STORED DATA section start

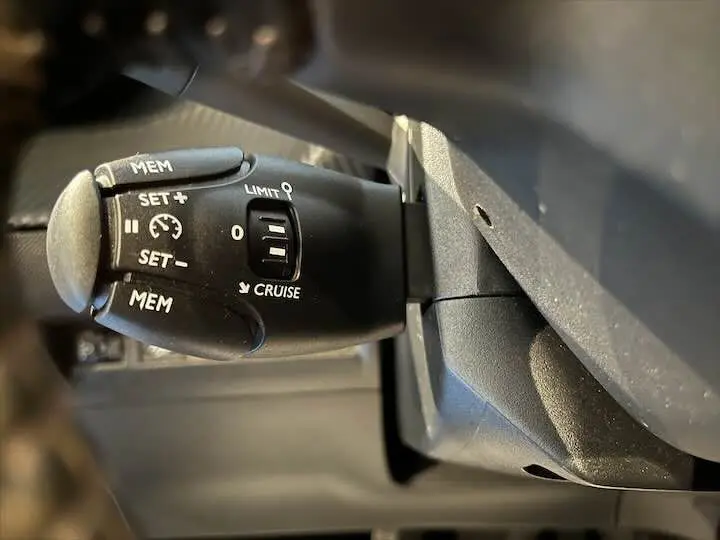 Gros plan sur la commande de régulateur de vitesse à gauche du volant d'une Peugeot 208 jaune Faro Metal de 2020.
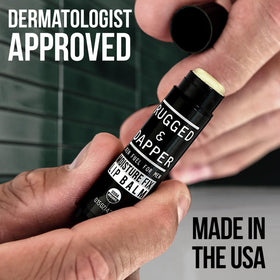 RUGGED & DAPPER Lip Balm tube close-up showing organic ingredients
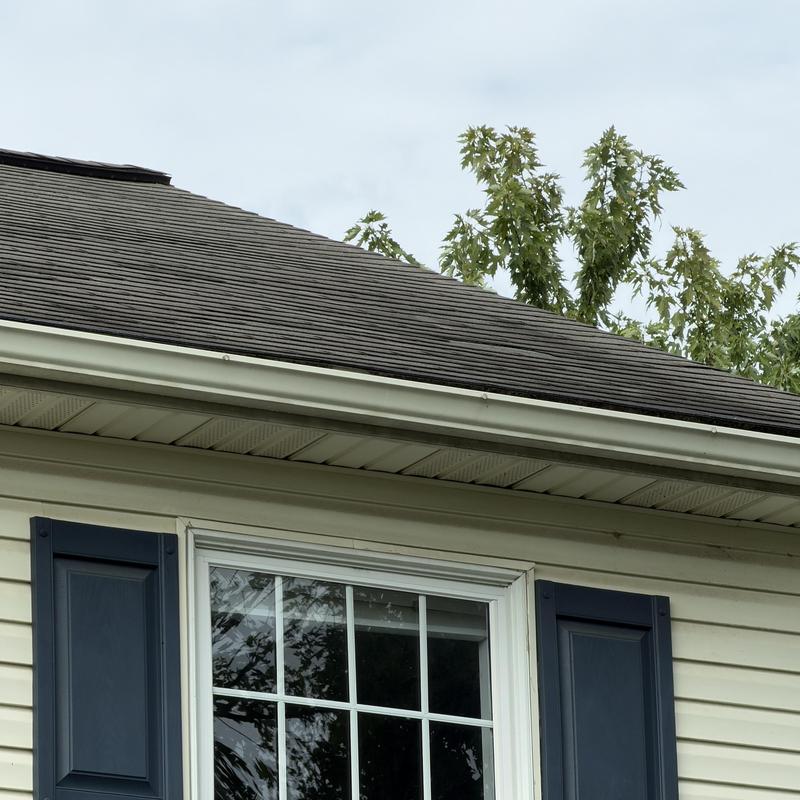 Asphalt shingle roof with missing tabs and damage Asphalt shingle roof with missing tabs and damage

STORED DATA section end

== TASK REQUIREMENTS ==
All of the material goes into the answer exactly as it stands, except for the pictures.

== ANSWER ==
 Gros plan sur la commande de régulateur de vitesse à gauche du volant d'une Peugeot 208 jaune Faro Metal de 2020.
 RUGGED & DAPPER Lip Balm tube close-up showing organic ingredients
 Asphalt shingle roof with missing tabs and damage Asphalt shingle roof with missing tabs and damage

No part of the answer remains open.